◆ YOUR INSTRUCTIONS:
Return each line of the material below exactly. Begin at the first and end on the line with "تصویر براکت تلویزیون".
═══ GIVEN INFORMATION ═══
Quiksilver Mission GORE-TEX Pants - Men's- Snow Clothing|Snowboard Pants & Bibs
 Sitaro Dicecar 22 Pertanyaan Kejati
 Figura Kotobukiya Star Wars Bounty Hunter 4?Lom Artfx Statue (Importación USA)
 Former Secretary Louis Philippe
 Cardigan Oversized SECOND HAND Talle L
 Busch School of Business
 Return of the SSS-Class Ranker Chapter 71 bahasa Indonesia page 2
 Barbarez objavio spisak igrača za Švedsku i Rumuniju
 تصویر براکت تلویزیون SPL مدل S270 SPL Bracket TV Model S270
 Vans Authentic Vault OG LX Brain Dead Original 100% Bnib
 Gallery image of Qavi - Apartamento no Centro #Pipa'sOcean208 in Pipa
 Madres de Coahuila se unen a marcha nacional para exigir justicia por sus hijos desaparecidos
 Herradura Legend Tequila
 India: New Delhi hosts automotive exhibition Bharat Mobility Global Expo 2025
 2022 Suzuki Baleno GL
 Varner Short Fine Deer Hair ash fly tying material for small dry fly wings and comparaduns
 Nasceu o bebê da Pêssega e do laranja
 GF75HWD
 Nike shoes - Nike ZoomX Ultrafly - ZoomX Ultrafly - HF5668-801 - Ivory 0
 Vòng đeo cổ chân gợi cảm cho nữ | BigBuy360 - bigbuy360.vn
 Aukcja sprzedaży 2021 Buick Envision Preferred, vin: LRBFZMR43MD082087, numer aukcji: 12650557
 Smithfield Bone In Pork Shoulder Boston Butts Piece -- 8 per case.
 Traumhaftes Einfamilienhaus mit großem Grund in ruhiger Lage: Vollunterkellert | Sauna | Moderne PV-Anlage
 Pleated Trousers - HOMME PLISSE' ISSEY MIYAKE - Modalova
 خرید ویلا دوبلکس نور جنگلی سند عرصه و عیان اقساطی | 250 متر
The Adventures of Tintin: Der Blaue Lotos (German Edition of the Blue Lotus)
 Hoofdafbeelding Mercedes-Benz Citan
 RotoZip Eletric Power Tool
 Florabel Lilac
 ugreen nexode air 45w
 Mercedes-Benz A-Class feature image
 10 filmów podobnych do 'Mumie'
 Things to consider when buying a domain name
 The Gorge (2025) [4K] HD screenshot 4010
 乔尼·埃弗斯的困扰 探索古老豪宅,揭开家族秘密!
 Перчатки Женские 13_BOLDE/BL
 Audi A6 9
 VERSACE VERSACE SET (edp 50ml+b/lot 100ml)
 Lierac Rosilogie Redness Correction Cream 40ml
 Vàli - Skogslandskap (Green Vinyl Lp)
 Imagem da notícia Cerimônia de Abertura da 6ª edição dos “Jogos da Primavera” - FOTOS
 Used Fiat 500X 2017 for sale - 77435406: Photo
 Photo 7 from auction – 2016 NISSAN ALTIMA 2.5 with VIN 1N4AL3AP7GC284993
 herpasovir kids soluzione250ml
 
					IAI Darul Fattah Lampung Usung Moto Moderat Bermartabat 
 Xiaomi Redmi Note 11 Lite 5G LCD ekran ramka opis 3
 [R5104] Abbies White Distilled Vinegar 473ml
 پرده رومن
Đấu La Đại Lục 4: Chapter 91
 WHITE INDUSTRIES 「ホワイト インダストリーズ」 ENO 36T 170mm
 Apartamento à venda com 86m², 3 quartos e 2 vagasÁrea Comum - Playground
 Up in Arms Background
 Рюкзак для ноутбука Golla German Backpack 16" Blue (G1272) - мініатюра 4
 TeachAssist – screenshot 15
═══
◆ TASK ANSWER:
Quiksilver Mission GORE-TEX Pants - Men's- Snow Clothing|Snowboard Pants & Bibs
 Sitaro Dicecar 22 Pertanyaan Kejati
 Figura Kotobukiya Star Wars Bounty Hunter 4?Lom Artfx Statue (Importación USA)
 Former Secretary Louis Philippe
 Cardigan Oversized SECOND HAND Talle L
 Busch School of Business
 Return of the SSS-Class Ranker Chapter 71 bahasa Indonesia page 2
 Barbarez objavio spisak igrača za Švedsku i Rumuniju
 تصویر براکت تلویزیون SPL مدل S270 SPL Bracket TV Model S270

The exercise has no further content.